January 5 – Happy Birthday, King Camp Gillette!


Posted on January 5, 2017


"Gillette" may be a familiar name to you because of the invention of today's famous birthday...

Because King Camp Gillette (born on this date in 1855) invented a disposable safety razor.

("King Camp" may be familiar words to you -- but isn't it surprising to have them as first and middle names?)

I don't know if you noticed that I said that Gillette invented "a" disposable safety razor -- not THE disposable safety razor. That's because there were several models being manufactured and sold before Gillette brought his out...

But it was Gillette's razor that became a huge success!

I read that many people credit Gillette with "freebie marketing" -- selling a product at a very inexpensive price (or giving it away for free) in order to make money selling another product or service. Freebie marketing is what cell phone companies use when they try to get you to switch carriers -- they offer you a cheap phone, maybe even a free phone, maybe even a free iPhone, in order to be able to charge you the monthly cellular service. In Gillette's case, freebie marketing was selling the razor itself very inexpensively in order to sell lots of the blades.

"Give 'em the razor; sell 'em the blades," was a phrase credited to Gillette.

But Gillette didn't invent this marketing strategy, and he wasn't the first safety razor manufacturer to use the strategy, either. He adopted freebie marketing AFTER some of his competitors started using it.

Gillette is still a big
name in disposable
razors!
To see why this sort of marketing works, contemplate the fact that, at first most of the sales Gillette made were to people new to his product, but later he was able to sell blades to both new customers and to old customers who'd already bought his razor. In 1904 he sold around 90,000 razors and about 120,000 blades -- quite similar numbers -- but by 1915 he sold around 450,000 razors and more than 70 MILLION blades!!


Gillette the rich...

Gillette made a lot of money with his company, and even after he sold majority interest in the company to someone else, his name and his face on the packaging still linked him to Gillette razors. When he traveled around the world, he was generally recognized from the packaging!
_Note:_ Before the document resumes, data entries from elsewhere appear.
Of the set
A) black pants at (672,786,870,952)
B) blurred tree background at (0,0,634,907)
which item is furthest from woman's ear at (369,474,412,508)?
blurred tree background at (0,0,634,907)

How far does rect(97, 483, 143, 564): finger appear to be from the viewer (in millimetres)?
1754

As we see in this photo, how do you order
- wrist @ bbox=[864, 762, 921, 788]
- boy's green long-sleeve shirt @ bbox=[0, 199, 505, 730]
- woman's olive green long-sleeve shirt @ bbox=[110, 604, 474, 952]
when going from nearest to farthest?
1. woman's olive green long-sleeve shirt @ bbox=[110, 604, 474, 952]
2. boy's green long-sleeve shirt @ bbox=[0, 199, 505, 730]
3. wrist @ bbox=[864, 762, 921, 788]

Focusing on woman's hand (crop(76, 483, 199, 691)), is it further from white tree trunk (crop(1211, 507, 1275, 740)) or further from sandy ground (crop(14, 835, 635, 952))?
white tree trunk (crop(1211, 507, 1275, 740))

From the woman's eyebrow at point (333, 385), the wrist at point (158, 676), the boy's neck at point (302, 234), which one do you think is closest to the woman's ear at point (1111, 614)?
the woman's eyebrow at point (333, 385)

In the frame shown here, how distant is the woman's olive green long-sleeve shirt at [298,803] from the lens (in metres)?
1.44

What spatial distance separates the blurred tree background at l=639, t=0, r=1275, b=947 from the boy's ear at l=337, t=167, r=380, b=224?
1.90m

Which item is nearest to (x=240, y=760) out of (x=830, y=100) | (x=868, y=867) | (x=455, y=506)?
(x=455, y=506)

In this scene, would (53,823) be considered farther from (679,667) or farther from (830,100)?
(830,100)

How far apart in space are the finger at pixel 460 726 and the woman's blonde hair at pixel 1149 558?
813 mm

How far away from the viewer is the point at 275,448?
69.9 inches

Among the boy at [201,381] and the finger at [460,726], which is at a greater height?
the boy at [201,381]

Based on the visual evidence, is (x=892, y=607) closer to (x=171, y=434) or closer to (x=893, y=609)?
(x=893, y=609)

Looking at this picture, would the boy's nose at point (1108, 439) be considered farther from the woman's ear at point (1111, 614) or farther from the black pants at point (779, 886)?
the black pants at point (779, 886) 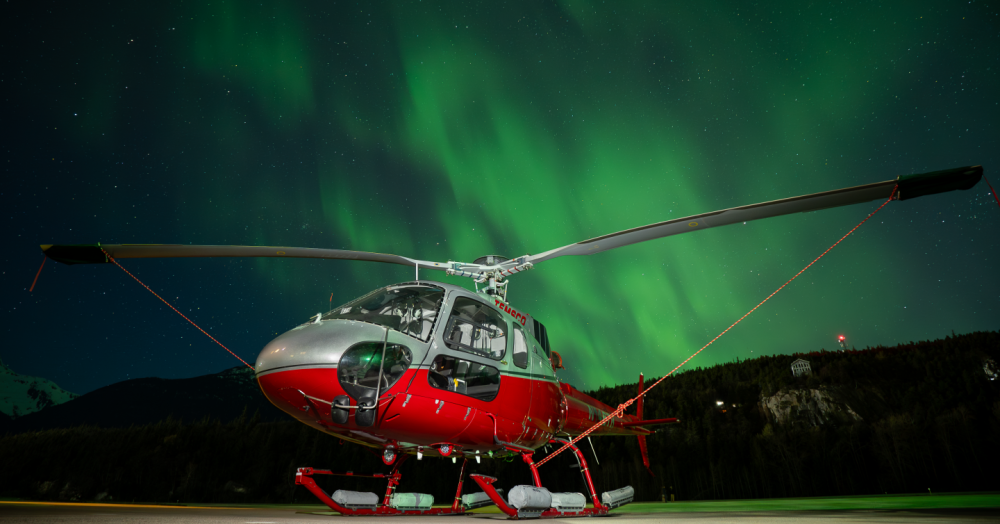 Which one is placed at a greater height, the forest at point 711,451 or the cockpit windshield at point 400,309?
the cockpit windshield at point 400,309

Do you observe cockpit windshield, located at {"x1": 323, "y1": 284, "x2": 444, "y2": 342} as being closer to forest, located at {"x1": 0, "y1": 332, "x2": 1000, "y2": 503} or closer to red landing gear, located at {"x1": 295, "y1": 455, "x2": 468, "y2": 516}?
red landing gear, located at {"x1": 295, "y1": 455, "x2": 468, "y2": 516}

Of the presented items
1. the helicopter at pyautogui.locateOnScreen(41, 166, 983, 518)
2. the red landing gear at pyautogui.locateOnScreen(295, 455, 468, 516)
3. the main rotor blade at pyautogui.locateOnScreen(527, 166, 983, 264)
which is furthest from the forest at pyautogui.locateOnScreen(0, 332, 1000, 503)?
the main rotor blade at pyautogui.locateOnScreen(527, 166, 983, 264)

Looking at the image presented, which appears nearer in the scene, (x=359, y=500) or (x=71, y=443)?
(x=359, y=500)

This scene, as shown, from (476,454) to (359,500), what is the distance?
2521 mm

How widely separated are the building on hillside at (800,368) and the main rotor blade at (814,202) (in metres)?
54.1

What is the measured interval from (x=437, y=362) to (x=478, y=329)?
55.3 inches

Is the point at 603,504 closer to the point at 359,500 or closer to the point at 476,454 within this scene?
the point at 476,454

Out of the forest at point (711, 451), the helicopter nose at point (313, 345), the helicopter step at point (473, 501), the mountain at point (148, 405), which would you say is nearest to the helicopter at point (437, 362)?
the helicopter nose at point (313, 345)

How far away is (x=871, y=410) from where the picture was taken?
4378 cm

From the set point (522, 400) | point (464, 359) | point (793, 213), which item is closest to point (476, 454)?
point (522, 400)

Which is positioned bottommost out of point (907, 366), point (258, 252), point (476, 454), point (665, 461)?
point (665, 461)

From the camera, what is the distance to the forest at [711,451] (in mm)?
31188

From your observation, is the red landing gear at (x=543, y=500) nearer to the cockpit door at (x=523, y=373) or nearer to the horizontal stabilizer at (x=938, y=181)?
the cockpit door at (x=523, y=373)

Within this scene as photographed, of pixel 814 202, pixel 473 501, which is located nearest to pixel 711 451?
pixel 473 501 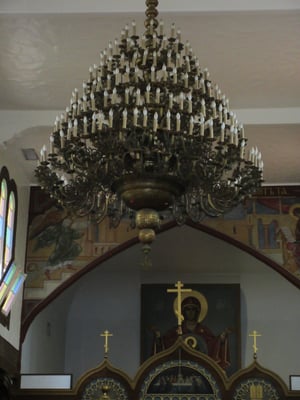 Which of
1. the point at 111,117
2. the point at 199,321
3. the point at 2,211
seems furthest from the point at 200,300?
the point at 111,117

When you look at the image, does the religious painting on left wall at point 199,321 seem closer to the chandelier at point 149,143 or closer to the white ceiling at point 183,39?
the white ceiling at point 183,39

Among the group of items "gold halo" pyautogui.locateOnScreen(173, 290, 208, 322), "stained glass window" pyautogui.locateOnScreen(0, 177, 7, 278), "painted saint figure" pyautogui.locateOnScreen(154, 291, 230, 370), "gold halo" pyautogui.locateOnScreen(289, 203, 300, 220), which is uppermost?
"gold halo" pyautogui.locateOnScreen(289, 203, 300, 220)

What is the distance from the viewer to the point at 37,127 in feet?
37.6

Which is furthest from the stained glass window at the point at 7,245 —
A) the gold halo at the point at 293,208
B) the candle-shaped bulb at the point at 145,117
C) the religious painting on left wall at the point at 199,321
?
the candle-shaped bulb at the point at 145,117

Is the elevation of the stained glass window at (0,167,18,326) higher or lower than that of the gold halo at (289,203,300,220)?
lower

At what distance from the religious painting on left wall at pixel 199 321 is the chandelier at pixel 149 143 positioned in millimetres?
10109

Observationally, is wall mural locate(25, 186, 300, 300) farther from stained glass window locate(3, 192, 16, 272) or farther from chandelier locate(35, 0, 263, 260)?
chandelier locate(35, 0, 263, 260)

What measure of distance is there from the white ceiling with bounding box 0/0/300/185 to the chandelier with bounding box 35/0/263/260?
6.89ft

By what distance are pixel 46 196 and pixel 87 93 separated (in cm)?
739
Gillette used a lot of his money buying property and building on it. He built a huge home and a smaller guest house in Palm Springs, California, and he later bought a large ranch in the Santa Monica Mountains, also in Southern California. 


Gillette the ragged...

Even when he was rich, Gillette would often wander about the Desert Inn, in Palm Springs, in an old, tattered bathrobe. People wondered who the poor guy was -- and were surprised when they were told that he was King Gillette!

But Gillette spent so much money on property and building, he was almost bankrupt when he died.